Caption-style text data:
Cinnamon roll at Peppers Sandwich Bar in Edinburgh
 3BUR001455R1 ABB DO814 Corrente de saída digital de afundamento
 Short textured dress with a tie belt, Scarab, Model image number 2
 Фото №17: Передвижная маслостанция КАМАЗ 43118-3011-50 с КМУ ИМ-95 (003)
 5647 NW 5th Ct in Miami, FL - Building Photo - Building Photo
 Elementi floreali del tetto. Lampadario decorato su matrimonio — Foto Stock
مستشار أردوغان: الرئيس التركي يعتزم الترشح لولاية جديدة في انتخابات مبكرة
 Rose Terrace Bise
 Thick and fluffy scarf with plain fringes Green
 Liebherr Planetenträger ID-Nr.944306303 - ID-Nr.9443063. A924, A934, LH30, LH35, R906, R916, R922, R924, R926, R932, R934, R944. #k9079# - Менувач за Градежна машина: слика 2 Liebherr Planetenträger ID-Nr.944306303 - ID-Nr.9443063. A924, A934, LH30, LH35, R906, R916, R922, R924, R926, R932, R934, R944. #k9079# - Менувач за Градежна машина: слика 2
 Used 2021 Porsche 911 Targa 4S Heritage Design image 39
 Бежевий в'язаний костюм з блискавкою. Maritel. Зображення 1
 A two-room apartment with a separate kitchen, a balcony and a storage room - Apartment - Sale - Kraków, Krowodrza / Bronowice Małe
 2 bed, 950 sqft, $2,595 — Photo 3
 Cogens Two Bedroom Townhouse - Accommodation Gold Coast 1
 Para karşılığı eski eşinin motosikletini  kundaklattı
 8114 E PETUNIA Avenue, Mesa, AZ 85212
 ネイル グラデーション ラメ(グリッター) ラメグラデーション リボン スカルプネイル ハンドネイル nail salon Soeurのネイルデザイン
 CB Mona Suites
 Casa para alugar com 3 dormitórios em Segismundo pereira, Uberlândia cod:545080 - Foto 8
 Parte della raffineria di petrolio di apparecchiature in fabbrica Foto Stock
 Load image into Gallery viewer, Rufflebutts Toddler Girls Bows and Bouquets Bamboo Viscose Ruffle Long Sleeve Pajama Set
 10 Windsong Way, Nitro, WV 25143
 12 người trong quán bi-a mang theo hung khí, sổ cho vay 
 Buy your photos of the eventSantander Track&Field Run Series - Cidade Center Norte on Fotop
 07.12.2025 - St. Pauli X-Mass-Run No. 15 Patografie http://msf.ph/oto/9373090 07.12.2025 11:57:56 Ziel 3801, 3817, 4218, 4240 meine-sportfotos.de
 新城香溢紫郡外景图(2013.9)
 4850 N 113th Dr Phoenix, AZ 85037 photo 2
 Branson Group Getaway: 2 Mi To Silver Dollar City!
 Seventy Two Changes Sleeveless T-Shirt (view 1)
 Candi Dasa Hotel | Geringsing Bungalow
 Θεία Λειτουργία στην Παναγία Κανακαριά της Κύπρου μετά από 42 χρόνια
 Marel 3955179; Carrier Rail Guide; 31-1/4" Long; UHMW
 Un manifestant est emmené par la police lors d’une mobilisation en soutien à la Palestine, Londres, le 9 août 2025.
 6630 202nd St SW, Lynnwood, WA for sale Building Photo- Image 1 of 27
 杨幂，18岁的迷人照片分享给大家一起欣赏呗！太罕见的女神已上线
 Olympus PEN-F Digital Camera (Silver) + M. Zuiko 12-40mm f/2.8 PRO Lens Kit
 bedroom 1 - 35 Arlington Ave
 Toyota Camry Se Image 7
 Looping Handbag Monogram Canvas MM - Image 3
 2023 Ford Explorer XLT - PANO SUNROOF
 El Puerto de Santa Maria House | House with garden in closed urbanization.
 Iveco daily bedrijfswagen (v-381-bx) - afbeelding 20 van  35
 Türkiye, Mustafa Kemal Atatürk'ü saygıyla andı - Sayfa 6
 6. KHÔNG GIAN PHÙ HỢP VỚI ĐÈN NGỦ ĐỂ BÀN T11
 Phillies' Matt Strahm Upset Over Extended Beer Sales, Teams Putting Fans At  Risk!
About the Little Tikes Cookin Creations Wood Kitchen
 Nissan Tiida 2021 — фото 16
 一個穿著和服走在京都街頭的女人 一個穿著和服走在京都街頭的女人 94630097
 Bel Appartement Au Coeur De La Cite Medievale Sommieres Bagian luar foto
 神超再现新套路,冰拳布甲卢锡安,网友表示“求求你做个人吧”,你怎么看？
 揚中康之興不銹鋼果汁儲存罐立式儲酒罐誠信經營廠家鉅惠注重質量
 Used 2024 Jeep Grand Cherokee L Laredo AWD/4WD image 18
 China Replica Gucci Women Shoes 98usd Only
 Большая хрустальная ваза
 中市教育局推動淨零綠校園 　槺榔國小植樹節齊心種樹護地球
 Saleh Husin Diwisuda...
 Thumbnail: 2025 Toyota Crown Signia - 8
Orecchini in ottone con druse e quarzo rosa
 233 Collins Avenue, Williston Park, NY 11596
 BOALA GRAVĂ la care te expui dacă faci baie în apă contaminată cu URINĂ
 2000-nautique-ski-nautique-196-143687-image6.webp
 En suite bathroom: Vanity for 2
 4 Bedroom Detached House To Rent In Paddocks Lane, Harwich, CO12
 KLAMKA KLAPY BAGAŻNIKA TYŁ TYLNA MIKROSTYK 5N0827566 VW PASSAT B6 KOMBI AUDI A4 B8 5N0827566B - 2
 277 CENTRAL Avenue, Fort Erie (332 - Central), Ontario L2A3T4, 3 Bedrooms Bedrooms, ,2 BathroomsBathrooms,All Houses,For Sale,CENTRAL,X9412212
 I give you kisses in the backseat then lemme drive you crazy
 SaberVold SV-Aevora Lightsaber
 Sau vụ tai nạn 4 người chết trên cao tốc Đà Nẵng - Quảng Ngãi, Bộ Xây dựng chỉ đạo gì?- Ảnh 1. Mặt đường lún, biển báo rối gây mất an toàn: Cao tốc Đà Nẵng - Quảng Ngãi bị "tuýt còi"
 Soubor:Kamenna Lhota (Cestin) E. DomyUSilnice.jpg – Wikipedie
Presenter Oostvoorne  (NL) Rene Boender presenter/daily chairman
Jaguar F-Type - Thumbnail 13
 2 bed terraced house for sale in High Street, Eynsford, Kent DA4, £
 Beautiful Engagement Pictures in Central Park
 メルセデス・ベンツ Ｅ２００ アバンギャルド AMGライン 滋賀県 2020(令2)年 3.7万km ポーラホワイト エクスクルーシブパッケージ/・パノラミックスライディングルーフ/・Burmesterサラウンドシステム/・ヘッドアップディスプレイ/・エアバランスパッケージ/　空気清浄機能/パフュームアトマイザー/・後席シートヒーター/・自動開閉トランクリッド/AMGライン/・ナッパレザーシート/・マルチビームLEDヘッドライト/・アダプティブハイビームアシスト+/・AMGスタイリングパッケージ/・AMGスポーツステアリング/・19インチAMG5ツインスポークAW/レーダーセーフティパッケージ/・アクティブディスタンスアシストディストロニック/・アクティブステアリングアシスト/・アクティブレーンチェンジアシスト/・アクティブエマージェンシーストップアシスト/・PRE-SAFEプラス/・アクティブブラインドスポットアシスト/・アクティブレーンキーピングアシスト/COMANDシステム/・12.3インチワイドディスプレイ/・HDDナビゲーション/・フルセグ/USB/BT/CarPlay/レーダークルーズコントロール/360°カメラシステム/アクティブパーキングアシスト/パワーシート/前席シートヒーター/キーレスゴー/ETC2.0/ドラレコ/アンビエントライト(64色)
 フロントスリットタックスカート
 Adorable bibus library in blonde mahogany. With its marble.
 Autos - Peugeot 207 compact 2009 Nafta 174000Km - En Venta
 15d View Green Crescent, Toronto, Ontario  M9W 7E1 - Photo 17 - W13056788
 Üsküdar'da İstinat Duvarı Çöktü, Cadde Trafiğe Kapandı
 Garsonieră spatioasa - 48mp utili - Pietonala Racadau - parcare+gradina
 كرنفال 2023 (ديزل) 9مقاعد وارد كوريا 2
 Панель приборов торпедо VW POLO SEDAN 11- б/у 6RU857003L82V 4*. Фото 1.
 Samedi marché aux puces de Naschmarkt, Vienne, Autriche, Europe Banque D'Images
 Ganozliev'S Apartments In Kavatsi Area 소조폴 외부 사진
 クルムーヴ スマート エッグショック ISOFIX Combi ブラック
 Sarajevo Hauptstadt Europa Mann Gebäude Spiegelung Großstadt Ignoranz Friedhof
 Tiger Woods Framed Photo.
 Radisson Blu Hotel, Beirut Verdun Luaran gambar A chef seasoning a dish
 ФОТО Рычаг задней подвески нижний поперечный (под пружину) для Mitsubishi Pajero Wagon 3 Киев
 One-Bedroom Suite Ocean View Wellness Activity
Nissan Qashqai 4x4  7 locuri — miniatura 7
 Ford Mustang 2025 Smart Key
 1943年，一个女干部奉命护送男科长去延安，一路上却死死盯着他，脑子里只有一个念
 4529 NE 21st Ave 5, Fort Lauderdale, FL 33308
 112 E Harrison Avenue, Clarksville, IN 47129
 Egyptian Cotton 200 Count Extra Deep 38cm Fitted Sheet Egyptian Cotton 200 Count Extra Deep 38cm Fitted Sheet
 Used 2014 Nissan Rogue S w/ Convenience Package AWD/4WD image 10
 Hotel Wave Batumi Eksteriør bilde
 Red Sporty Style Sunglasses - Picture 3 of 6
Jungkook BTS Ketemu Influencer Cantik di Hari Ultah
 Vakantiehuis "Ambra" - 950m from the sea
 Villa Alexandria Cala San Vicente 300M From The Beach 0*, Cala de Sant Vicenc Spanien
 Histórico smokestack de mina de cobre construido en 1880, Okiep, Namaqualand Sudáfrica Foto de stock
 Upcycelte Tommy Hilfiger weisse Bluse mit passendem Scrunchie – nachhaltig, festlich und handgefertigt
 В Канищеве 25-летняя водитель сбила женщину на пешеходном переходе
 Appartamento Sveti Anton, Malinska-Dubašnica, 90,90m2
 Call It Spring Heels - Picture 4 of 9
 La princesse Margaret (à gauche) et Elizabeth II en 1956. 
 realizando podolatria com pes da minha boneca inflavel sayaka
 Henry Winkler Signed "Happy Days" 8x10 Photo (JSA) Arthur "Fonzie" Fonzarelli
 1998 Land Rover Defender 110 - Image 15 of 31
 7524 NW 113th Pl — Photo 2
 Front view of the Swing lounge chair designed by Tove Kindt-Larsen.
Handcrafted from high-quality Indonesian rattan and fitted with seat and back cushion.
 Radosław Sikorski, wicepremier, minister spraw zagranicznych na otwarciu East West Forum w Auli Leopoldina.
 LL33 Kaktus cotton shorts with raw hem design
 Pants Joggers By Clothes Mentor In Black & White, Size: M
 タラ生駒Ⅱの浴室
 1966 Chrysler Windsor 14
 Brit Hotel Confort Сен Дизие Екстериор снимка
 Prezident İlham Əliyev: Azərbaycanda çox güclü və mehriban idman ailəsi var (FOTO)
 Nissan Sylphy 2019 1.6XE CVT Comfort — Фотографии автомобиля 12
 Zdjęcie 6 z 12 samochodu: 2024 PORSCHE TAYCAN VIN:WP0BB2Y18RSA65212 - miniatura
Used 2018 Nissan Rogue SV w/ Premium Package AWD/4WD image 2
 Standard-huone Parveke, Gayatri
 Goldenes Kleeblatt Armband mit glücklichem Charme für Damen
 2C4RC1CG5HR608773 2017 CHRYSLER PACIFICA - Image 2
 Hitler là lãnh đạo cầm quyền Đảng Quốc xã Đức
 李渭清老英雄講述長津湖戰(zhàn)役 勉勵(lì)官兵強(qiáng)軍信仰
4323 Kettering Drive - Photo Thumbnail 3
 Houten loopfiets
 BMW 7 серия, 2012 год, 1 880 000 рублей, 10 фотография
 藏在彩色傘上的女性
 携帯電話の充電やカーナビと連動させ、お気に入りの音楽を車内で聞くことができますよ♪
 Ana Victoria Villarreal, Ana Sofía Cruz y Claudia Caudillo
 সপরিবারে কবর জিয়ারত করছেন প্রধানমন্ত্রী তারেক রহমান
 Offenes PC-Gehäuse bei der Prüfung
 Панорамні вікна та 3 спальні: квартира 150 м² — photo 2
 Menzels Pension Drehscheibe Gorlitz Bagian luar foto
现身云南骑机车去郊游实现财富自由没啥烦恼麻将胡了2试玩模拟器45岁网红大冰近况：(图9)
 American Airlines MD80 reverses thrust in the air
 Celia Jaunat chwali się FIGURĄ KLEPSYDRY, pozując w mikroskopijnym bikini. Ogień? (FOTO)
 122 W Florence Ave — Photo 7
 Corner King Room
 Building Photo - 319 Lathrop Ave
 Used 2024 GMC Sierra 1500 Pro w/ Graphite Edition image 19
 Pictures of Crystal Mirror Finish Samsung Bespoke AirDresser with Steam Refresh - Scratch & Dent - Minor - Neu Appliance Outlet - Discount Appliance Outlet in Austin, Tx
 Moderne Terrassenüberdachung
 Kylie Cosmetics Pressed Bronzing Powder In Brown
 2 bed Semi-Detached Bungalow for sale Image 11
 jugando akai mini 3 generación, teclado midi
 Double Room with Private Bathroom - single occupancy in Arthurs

**EXERCISE DESCRIPTION**
Above are the records; print exactly the lines from the line with "Autos - Peugeot" to the line with "كرنفال 2023 (ديزل) 9مقاعد وارد كوريا 2", including both, and nothing else.

**THE ANSWER**
 Autos - Peugeot 207 compact 2009 Nafta 174000Km - En Venta
 15d View Green Crescent, Toronto, Ontario  M9W 7E1 - Photo 17 - W13056788
 Üsküdar'da İstinat Duvarı Çöktü, Cadde Trafiğe Kapandı
 Garsonieră spatioasa - 48mp utili - Pietonala Racadau - parcare+gradina
 كرنفال 2023 (ديزل) 9مقاعد وارد كوريا 2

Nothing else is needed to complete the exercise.